"""

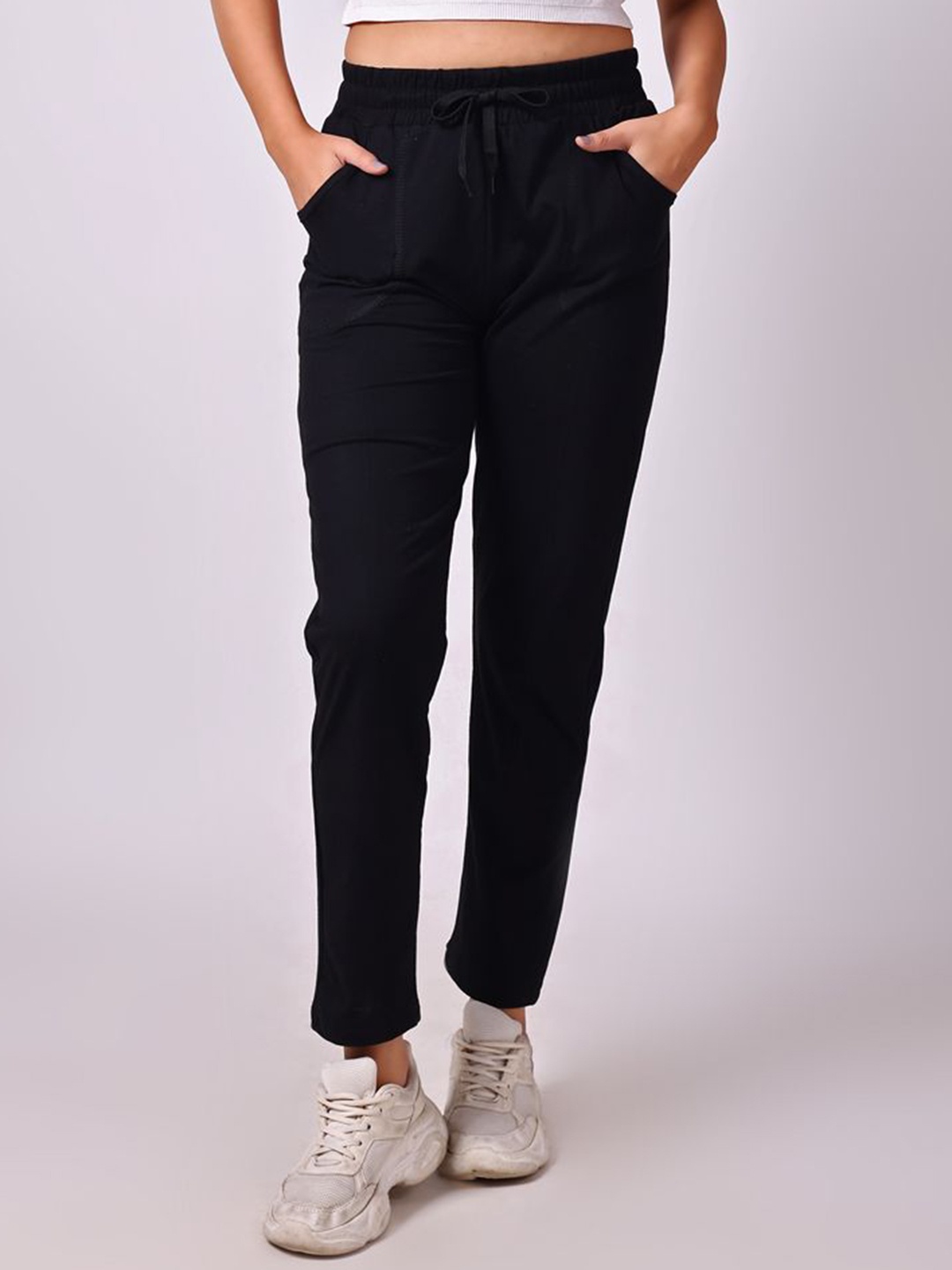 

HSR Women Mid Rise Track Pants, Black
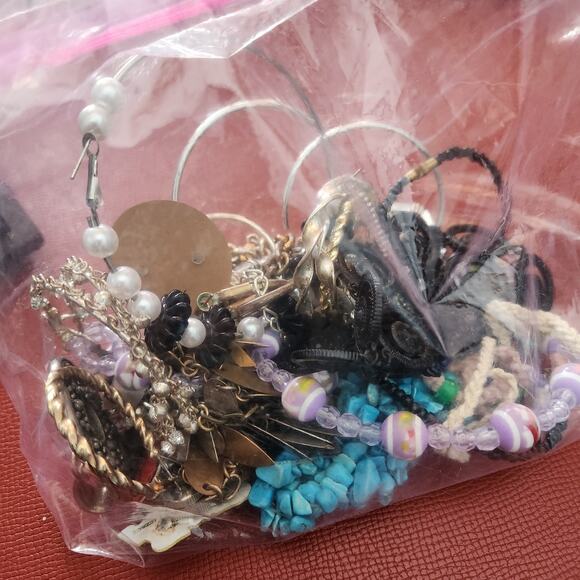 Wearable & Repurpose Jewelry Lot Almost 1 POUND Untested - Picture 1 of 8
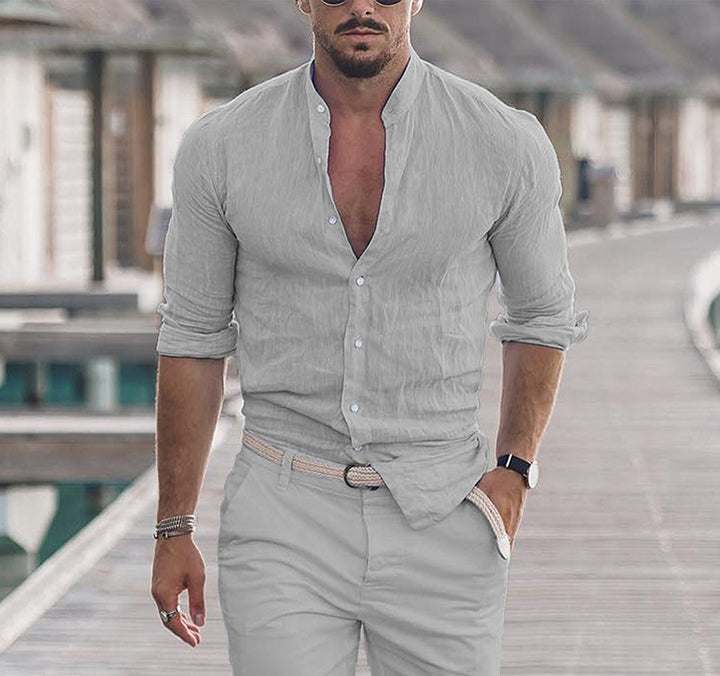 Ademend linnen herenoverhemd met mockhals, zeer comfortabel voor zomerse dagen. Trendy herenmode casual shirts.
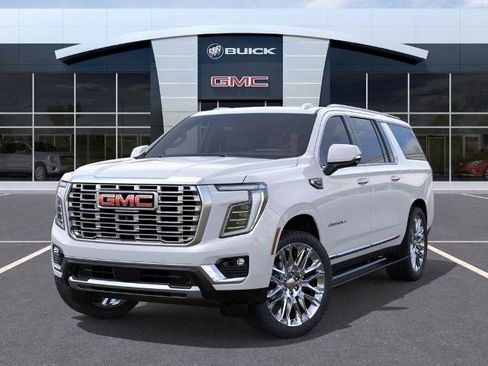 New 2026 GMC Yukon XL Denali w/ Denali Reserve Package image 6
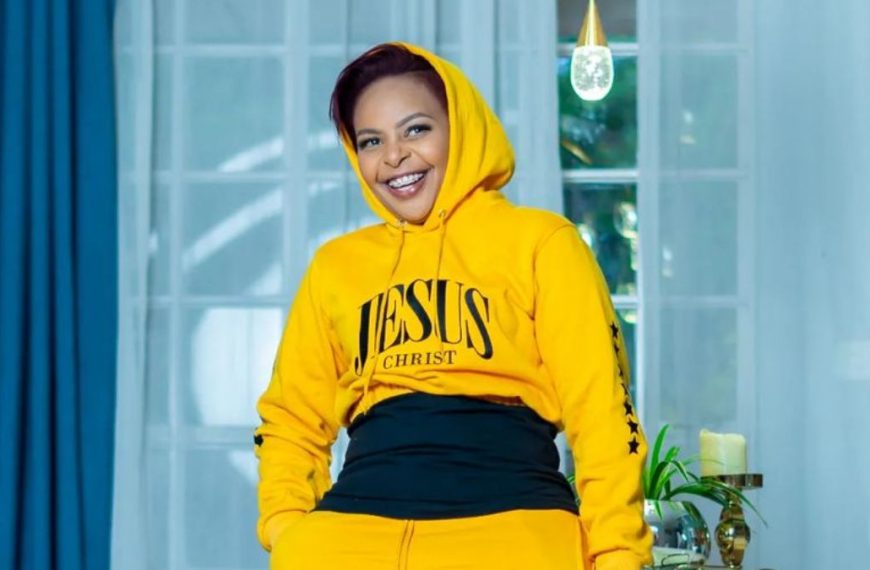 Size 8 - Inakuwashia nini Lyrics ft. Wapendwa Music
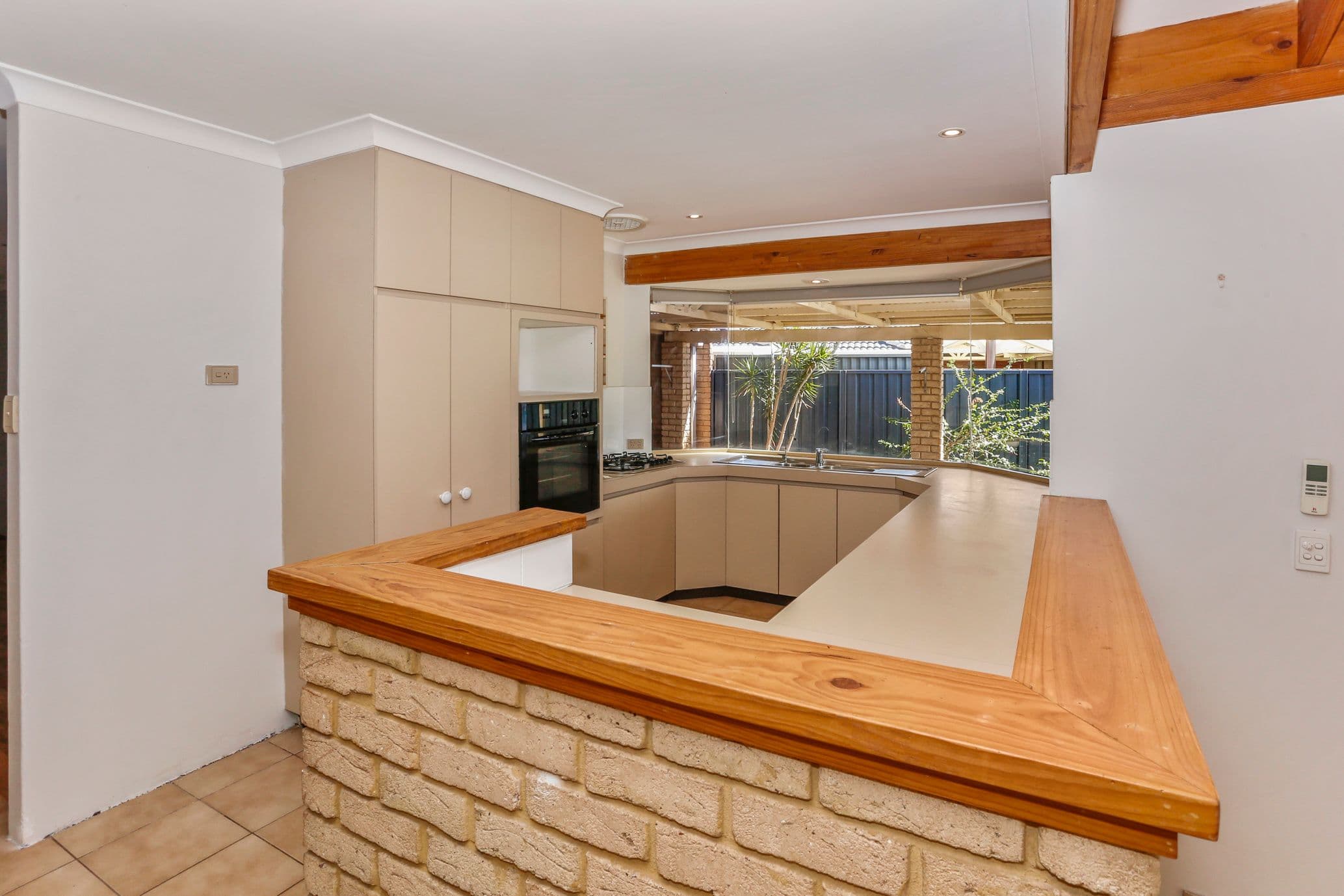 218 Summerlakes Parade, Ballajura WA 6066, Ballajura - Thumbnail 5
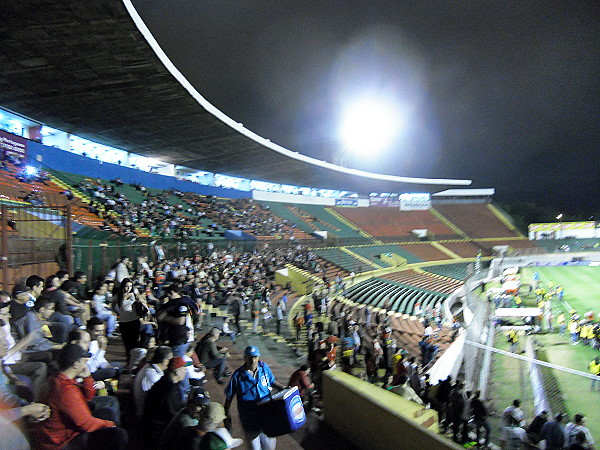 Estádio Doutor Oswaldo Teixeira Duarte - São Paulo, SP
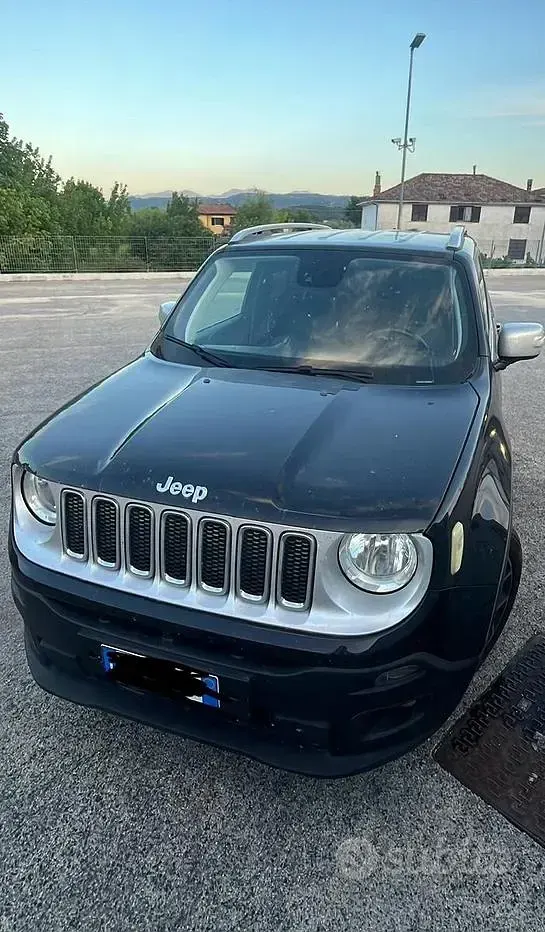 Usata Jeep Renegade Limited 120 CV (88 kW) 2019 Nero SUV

"""

*Problem to work on*
An exact copy of all the data above is required; omit any pictures.

*Written response*
HSR Women Mid Rise Track Pants, Black
 Wearable & Repurpose Jewelry Lot Almost 1 POUND Untested - Picture 1 of 8
 Ademend linnen herenoverhemd met mockhals, zeer comfortabel voor zomerse dagen. Trendy herenmode casual shirts.
 New 2026 GMC Yukon XL Denali w/ Denali Reserve Package image 6
 Size 8 - Inakuwashia nini Lyrics ft. Wapendwa Music
 218 Summerlakes Parade, Ballajura WA 6066, Ballajura - Thumbnail 5
 Estádio Doutor Oswaldo Teixeira Duarte - São Paulo, SP
 Usata Jeep Renegade Limited 120 CV (88 kW) 2019 Nero SUV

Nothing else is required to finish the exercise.